Experts from Japan and Taiwan underscored the need to establish communication channels between offshore wind farm developers and fishers, during a two-day APEC conference in Taipei on sustainable marine development.
On Wednesday and Thursday last week, Changhua Fishermen Association secretary Hung Yi-ping (洪一平) and Masanori Miyahara, special advisor to Japan’s Minister of Agriculture, Forestry and Fisheries, discussed their experiences in fisher-wind farm coordination.
Their comments were shared at the 22nd APEC Roundtable Meeting on the Involvement of the Business/Private Sector in the Sustainability of the Marine Environment, held by Taiwan’s Ocean Affairs Council (OAC), during the first session of the conference titled, “Development of Marine Conservation Under Offshore Wind Farm Operations.”
Photo courtesy of Taiwan Power Co
Miyahara said the Japanese government was committed to reducing greenhouse gas emissions by 46 percent by 2030 from 2013 levels, with offshore wind power set to be central to achieving this.
The tender process for offshore wind projects in Japan includes promotion area designation, developer selection and occupancy plan certification, he said.
Japan’s wind farm operators and fishers have a mutually beneficial relationship, and in addition to advocating carbon reduction, Japan’s government has strived to establish communication platforms between the two stakeholders, Miyahara said.
This includes a development model that involved conducting impact assessments for fisheries, compensating the impacts in accordance with related regulations to mitigate possible protest, and an evaluation of competing interests from wind farm development and fishing areas or nearby seafood farms, he said.

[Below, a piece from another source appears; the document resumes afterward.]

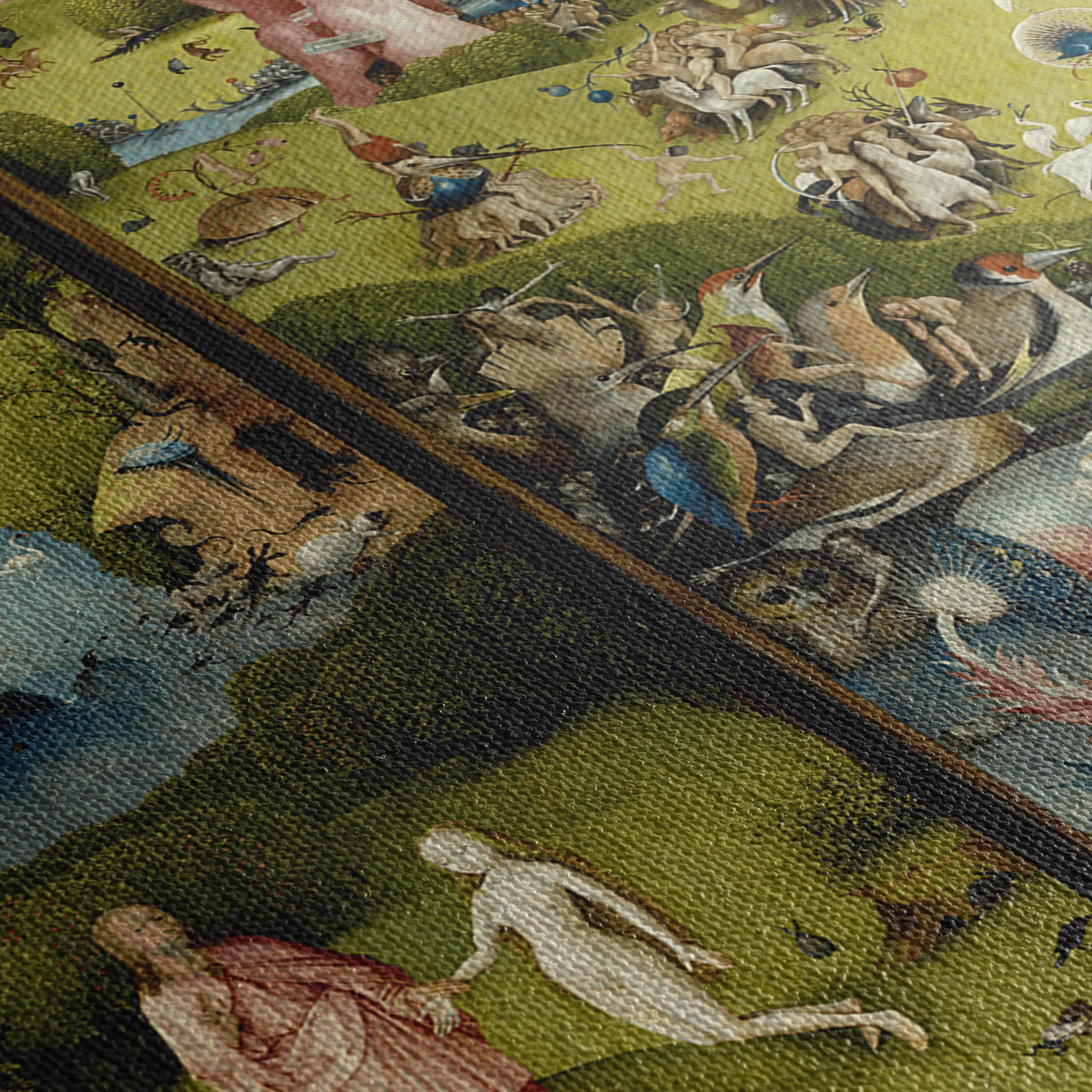 Hieronymus Bosch Garden of Earthly Delights Renaissance Surreal Canvas Art | Poster Print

Hung said the government has activated energy transition in response to the global roadmap of reaching net zero by 2050 set by the International Energy Agency.
As part of this, Taiwan was aiming to build 10 wind farms off the coast of Changhua County by 2025, he said.
However, the impacts the construction and operation of the wind farms had on the fisheries and ecosystem, such as the vibration, noise and electromagnetic waves generated by the wind turbines, as well as the reduction of fishing areas, have been a source of contention, he added.
Hung agreed with Miyahara that the possible impacts on fisheries caused by developing wind farms must also be taken into consideration.
In addition to the alleviation measures promised in the environmental assessment, such as avoidance, mitigation and compensation, Hung said that wind developers can also set up compensation and cohabitation funds for fisheries or help fisheries build sea farms or transform into patrollers or observers for marine conservation.